It will not come as a surprise that I oppose Amendments 159 and 160. I am not going to detain your Lordships for long; there are other more important things to talk about this evening than this seemingly never-ending issue, about which we had a good discussion in Committee. I am sorry that the two noble Lords were indisposed at that time, and I am glad to see they are back on fighting form. I am dispirited that these amendments surfaced in the first place as I do not think they really have anything to do with online safety and the protection of children. This is a Bill about the platforms, not the press. I will not repeat all the points we discussed at earlier stages. Suffice it to say that, in my view, this is not the time and the place to seek to impose what would be statutory controls on the press, for the first time since that great liberal, John Locke, led the charge for press freedom in 1695 when the Licensing Acts were abolished. Let us be clear: despite what the two noble Lords said, that is what these amendments would do, and I will briefly explain why.

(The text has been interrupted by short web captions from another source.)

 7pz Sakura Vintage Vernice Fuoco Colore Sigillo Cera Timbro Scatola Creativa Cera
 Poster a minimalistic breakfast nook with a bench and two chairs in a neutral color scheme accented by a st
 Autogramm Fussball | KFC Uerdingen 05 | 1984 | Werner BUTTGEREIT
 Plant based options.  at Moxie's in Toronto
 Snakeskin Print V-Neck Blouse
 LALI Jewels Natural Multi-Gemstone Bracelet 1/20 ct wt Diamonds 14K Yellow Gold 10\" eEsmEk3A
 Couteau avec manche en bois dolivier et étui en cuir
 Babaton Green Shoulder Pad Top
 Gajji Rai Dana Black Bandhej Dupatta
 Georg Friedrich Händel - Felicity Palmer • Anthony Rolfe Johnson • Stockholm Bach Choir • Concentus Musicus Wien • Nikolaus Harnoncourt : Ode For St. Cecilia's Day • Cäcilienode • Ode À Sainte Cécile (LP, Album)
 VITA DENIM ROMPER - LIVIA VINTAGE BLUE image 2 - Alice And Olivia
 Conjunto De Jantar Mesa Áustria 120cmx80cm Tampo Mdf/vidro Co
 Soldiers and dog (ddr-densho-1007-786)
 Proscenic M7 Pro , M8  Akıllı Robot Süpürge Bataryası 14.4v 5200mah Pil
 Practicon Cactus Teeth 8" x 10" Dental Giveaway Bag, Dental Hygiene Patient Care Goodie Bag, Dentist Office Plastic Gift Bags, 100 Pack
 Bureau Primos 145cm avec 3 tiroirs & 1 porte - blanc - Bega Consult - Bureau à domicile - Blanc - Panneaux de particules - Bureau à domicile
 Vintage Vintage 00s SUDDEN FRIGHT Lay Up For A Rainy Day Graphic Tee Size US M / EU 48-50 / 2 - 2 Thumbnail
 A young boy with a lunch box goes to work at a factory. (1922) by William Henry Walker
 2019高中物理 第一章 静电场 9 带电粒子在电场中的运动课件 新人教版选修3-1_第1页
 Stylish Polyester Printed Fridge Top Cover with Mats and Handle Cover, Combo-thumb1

These amendments seek to remove the exemption for news publishers from an onerous statutory regime overseen by Ofcom, which is, as the noble Lord, Lord Lipsey, said, a state regulator, unless they are part of an approved regulator. Yet no serious publisher, by which I mean the whole of the national and regional press, as the noble Viscount, Lord Colville, said—including at least 95% of the industry, from the Manchester Evening News to Cosmopolitan magazine—is ever going to join a regulator which is approved by the state. Even that patron saint of press controls, Sir Brian Leveson, conceded that this was a “principled position” for the industry to take. The net effect of these amendments would be, at a stroke, to subject virtually the entire press to state regulation—a momentous act wholly inimical to any definition of press freedom and free speech—and with very little discussion and absolutely no consultation.